Novice to web-scrapping here... Similar questions have been posted (and answered) but I can't seem to successfully apply I'm trying loop over a data set and get some scores (The percentile of atherosclerosis) using the following online calculator: https://www.mesa-nhlbi.org/Calcium/input.aspx (for example plugging in Score = 30, gender=0(female),Race =3(white),Age=50 will get you 94%)
However I cant seem to get any results matching the manual execution of the calculator - this is my code: (+Thanks in advance!!)
#if(!require("devtools"))
#install.packages("devtools")
#devtools::install_github("omegahat/RHTMLForms")
#install.packages("XML")
library(XML)
library(RCurl)
library(httr)
library(tidyverse)
library(RHTMLForms)
(https://stackoverflow.com)library(rvest)
cur_url <- "https://www.mesa-nhlbi.org/Calcium/input.aspx/"

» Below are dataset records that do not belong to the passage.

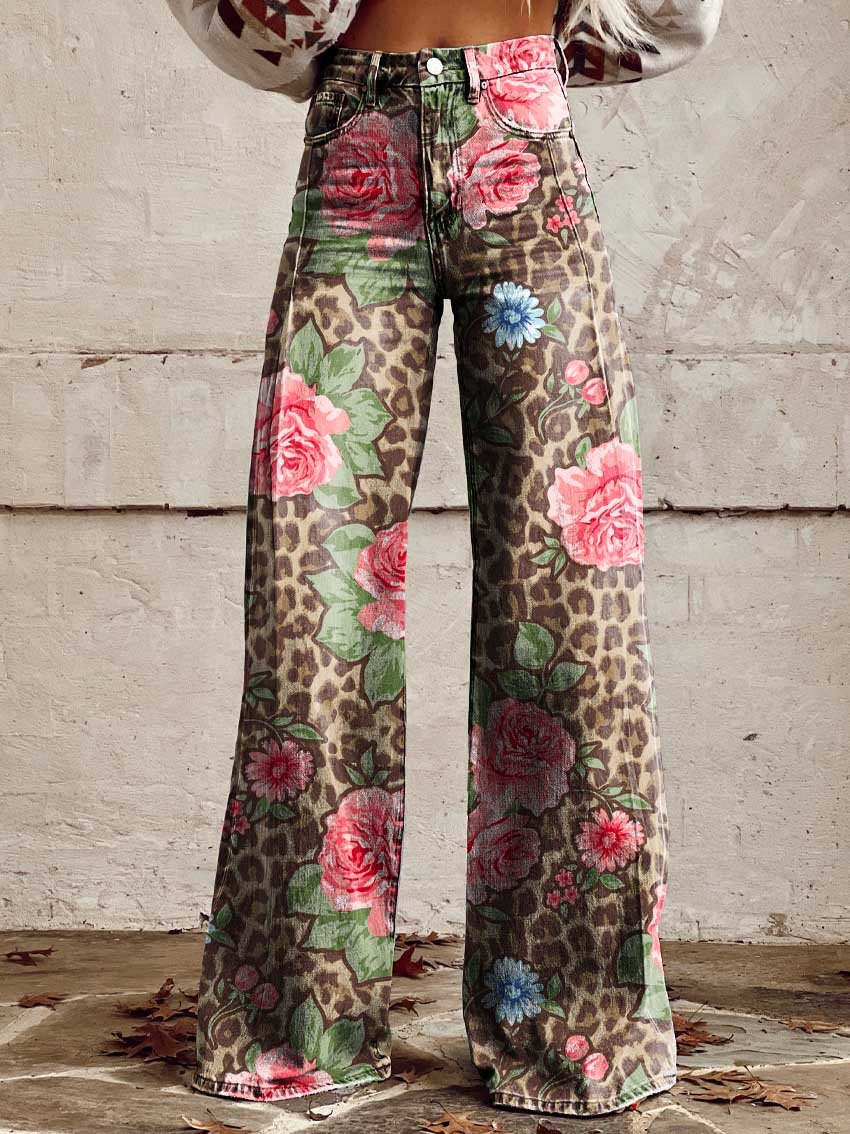 Damen Lange Hose mit Bequemer Passform I Ideal für Sommer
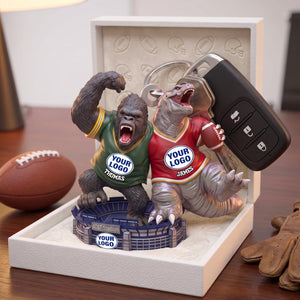 Sport Crashing Rival Acrylic Keychain - Personalized Gifts 03QHLU040726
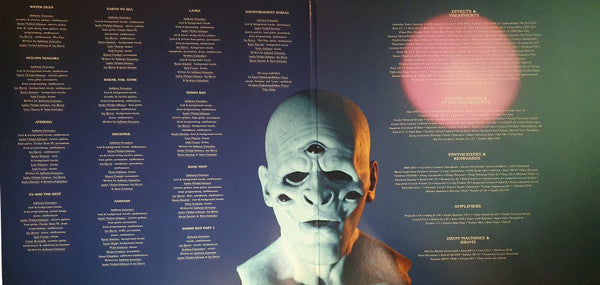 M83 : Fantasy (2xLP, Album, Ltd, Blu)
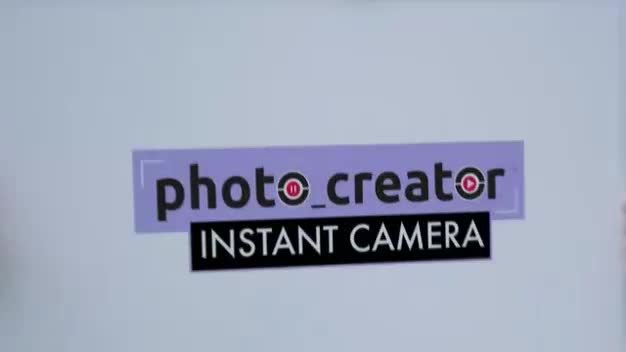 Test studio creator photo creator : appareil photo instantané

cur_session <- html_session(cur_url)
cur_Form <- html_form(cur_session)
cur_fill <- set_values(cur_Form[[1]],
Score = '30',
gender='0',
Race ='3',
Age='50')
cur_set <- submit_form(cur_session, cur_fill,submit = "Calculate")
content(cur_set$response)
Using the rvest library I've read the url into a "html_session" variable and extracted the form via "html_form"

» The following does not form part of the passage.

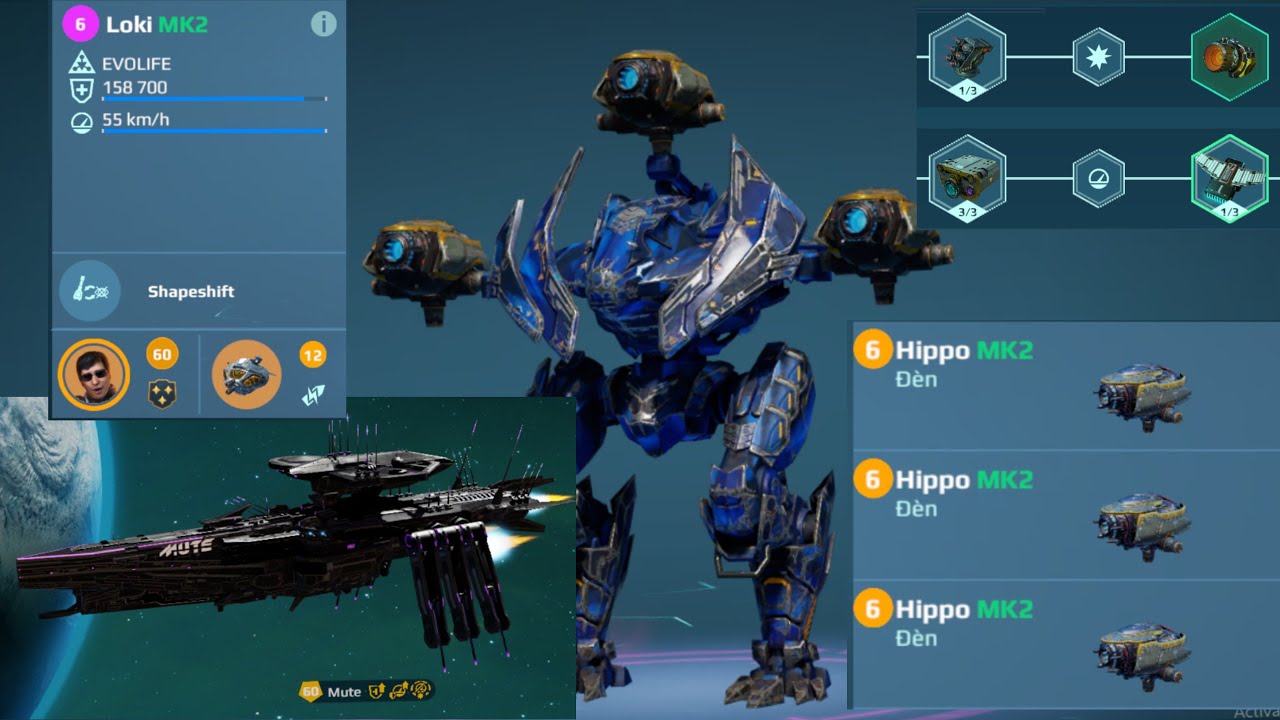 [War Robots] chơi bẩn lấy danh, chơi ngu lấy 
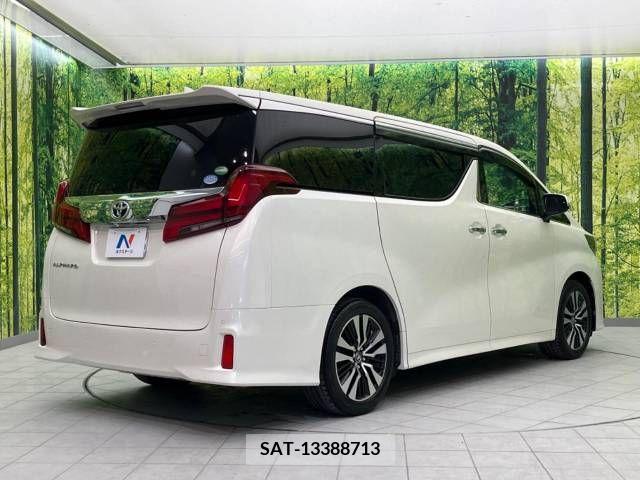 Toyota ALPHARD 2018-04 299427-18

cur_url <- "https://www.mesa-nhlbi.org/Calcium/input.aspx/"
cur_session <- html_session(cur_url)
cur_Form <- html_form(cur_session)
updated the relevant fields using the set_values function and then used submit_form to execute -
cur_fill <- set_values(cur_Form[[1]], Score = '30',gender='0',Race ='3',Age='50')

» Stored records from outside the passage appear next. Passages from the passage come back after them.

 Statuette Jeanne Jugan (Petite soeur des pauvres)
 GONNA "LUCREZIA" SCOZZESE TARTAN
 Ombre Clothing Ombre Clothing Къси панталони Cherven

cur_set <- submit_form(cur_session, cur_fill,submit = "Calculate")
however I don't seem to get any relevant results in the cur_set veriable Any help on the matter will be greatly appreciated..
If you look at the web page in a browser (e.g., firefox, chrome) and enable the dev-console, you can see certain id
fields and such that will help identify what you need.
Up front, rvest
(1.0.3 in my usage) has deprecated several functions you are using. I believe it'll work for now as-is, but I'm using the recommended functions:
session()
in lieu of html_session()
html_form_set()
in lieu of set_values()
session_submit()
in lieu of submit_form()
library(rvest)
cur_url <- "https://www.mesa-nhlbi.org/Calcium/input.aspx/"
cur_session <- session(cur_url)
cur_Form <- html_form(cur_session)
cur_fill <- html_form_set(cur_Form[[1]], Score = '30',gender='0',Race ='3',Age='50')
cur_set <- session_submit(cur_session, cur_fill,submit = "Calculate")
Various things you can get from this:
html_table(cur_set)
# [[1]]
# # A tibble: 2 × 4
# X1 X2 X3 X4
# <chr> <chr> <chr> <chr>
# 1 25th 50th 75th 90th
# 2 0 0 0 8
From the dev-browser, we find specific areas, notably scoreLabel
(30) and others:
Similarly for percLabel
(90) and Label10
("16 %."
).
From this,
html_nodes(cur_set, "#Label10") %>%
html_text()
# [1] "16 %."
html_nodes(cur_set, "#scoreLabel") %>%
html_text()
# [1] "30"
html_nodes(cur_set, "#percLabel") %>%
html_text()
# [1] "94"